A house with my exact floor plan, owned by Progress Residential has a tax appraisal that's $100,000 less than the tax assessor came up with for my house. I don't understand how that's even possible.
I'm in the process of putting the data into a crude spreadsheet to see if my initial pattern seems to hold across the board.
Wouldn't it be SUPER EFFED UP, to find out, not only are these companies buying up houses by the thousands and driving up prices for both rent and purchases... but that they ALSO might be receiving preferential lowered tax assessments, resulting in lower tax liability?
I don't understand how these lower assessments can be in the county's interest.
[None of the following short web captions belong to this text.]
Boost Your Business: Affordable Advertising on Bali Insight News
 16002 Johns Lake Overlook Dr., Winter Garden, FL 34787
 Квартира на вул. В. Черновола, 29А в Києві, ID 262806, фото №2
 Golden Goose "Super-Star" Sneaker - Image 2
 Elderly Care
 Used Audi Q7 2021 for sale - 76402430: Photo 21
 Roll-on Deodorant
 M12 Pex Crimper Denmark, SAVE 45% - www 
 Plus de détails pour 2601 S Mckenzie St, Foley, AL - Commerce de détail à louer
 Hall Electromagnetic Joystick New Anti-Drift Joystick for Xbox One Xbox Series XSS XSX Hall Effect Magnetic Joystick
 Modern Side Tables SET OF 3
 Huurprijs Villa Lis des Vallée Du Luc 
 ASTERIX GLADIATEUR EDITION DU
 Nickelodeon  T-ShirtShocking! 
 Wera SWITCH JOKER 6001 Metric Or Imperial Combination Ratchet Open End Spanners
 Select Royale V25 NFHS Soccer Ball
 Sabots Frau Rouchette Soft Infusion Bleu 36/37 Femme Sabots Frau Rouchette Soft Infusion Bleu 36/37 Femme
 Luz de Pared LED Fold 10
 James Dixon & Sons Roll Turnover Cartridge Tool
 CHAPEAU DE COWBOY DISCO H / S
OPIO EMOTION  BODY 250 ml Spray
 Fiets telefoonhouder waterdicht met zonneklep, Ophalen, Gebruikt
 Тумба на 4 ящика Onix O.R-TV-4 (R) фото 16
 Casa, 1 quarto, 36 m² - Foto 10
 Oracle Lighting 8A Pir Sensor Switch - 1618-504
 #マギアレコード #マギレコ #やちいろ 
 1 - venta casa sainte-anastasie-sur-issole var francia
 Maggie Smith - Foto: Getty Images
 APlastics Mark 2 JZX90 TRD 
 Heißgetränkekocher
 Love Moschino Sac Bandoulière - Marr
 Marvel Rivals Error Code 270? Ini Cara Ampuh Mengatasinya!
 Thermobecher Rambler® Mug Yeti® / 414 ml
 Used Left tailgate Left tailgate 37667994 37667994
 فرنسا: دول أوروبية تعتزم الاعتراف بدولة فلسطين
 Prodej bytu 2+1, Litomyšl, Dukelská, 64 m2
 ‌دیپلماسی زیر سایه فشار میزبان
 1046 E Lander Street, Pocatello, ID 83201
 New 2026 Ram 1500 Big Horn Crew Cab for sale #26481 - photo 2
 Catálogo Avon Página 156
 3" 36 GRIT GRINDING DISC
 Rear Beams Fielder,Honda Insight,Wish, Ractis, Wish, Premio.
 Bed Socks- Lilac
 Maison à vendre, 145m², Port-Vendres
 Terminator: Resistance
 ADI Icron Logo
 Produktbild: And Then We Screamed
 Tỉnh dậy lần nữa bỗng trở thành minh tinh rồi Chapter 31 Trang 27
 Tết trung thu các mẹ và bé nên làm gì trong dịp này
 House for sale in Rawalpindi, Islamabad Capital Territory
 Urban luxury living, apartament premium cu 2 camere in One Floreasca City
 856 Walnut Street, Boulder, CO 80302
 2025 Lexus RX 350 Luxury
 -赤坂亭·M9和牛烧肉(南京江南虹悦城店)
And it has me wondering if my local tax assessor (and potentially others) aren't being influenced in some way that benefits them personally.
It’s challenging to read this all in one sitting, and that’s good because the stories are vivid and needed. It’s time to study histories of tenant struggles, whether it be through rent strikes or people teaming up with architects to save their neighborhoods (yes!). It’s going to be a hard struggle, but economic collapse will have to force struggling people to organize.